[Data for the task]
○ ○ ○ ○ ○
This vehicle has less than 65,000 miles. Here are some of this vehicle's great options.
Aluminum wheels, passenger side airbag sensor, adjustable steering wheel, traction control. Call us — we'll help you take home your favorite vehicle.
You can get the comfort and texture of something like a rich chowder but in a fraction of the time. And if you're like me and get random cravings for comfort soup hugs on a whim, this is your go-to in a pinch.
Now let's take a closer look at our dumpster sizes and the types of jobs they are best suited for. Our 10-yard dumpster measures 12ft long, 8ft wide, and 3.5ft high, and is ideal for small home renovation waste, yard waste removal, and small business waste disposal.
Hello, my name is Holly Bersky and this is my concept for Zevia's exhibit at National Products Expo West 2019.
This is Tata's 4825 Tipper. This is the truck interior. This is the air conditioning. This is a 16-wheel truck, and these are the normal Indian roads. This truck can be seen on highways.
○ ○ ○ ○ ○
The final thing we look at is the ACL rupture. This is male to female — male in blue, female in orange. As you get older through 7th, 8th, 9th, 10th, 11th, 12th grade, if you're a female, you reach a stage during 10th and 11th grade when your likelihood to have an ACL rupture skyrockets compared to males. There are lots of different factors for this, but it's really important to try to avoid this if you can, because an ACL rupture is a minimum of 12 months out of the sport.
○ ○ ○ ○ ○
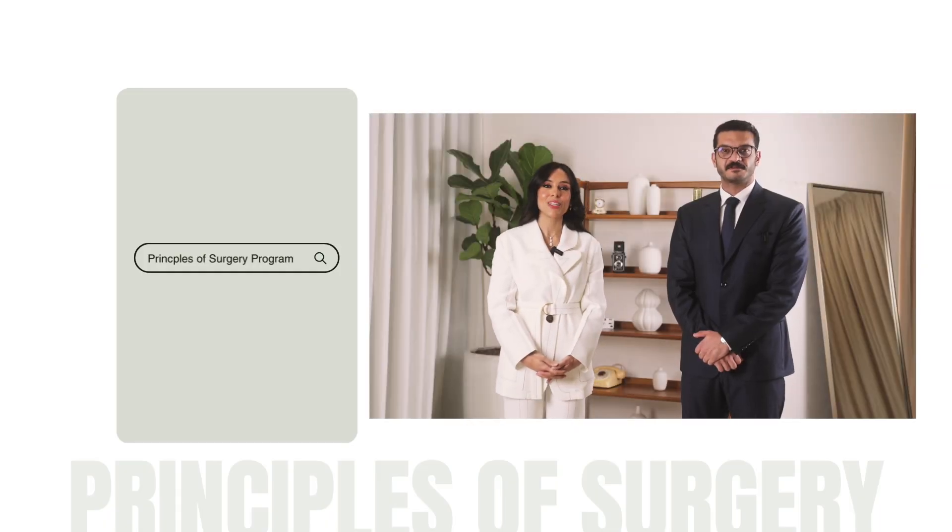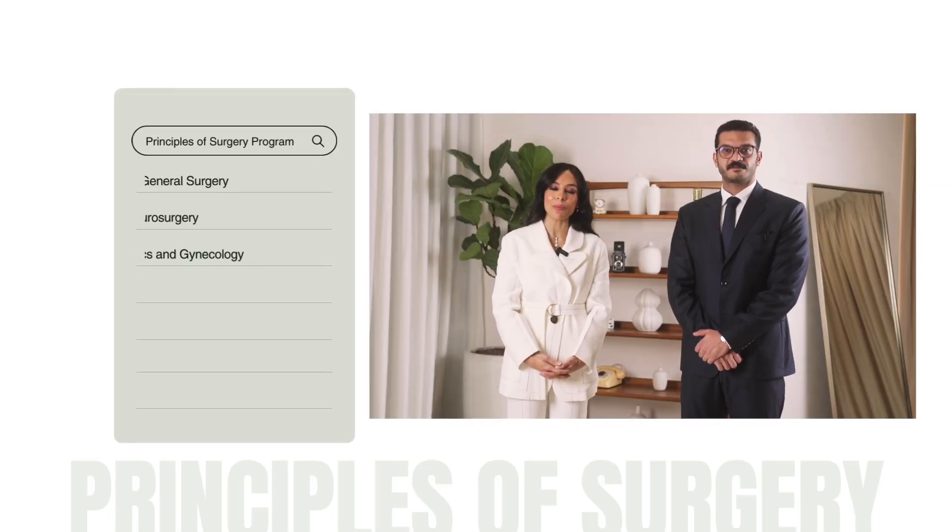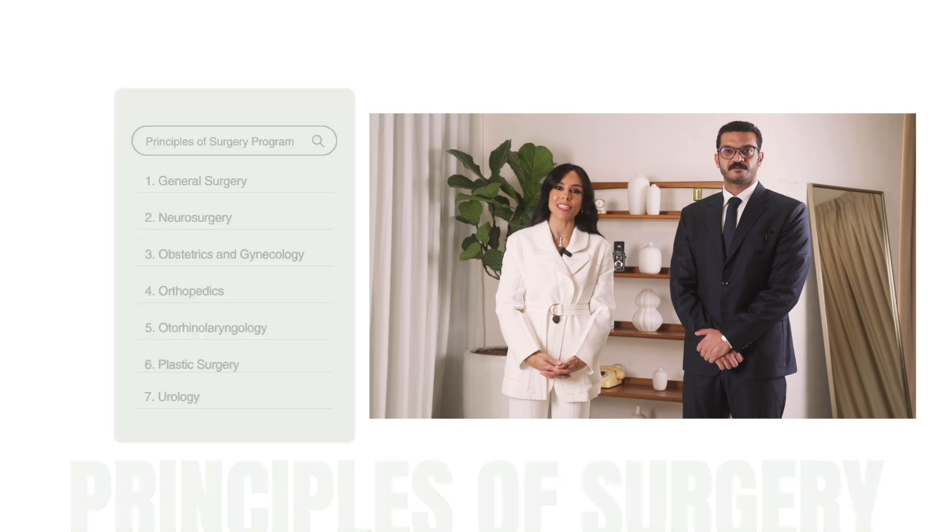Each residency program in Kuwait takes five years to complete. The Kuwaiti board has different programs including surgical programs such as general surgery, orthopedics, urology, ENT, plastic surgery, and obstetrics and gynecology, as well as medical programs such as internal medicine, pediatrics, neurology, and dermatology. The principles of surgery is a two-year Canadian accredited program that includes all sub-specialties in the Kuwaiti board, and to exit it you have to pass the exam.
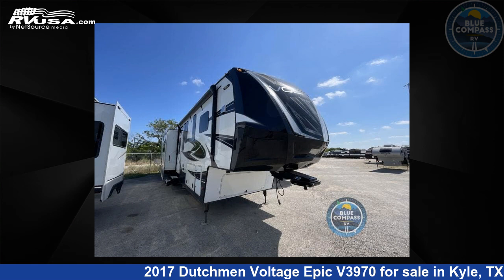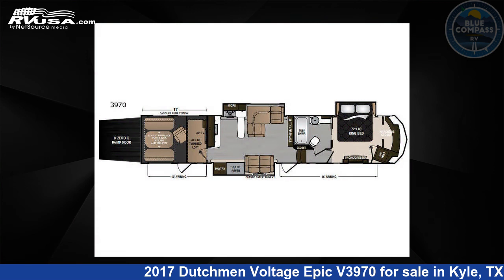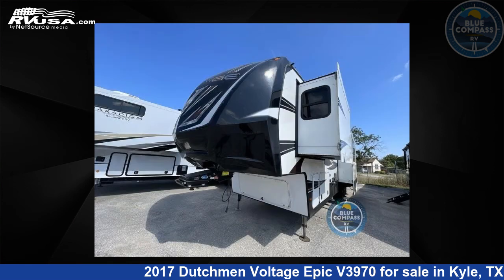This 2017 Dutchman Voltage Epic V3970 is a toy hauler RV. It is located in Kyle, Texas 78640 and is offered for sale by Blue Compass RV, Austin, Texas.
○ ○ ○ ○ ○
[Instructions for the task]
Copy the lines above exactly. Start with the line containing "This vehicle has", end with the line containing "Aluminum wheels, passenger", and include both.

[Answer section]
This vehicle has less than 65,000 miles. Here are some of this vehicle's great options.
Aluminum wheels, passenger side airbag sensor, adjustable steering wheel, traction control. Call us — we'll help you take home your favorite vehicle.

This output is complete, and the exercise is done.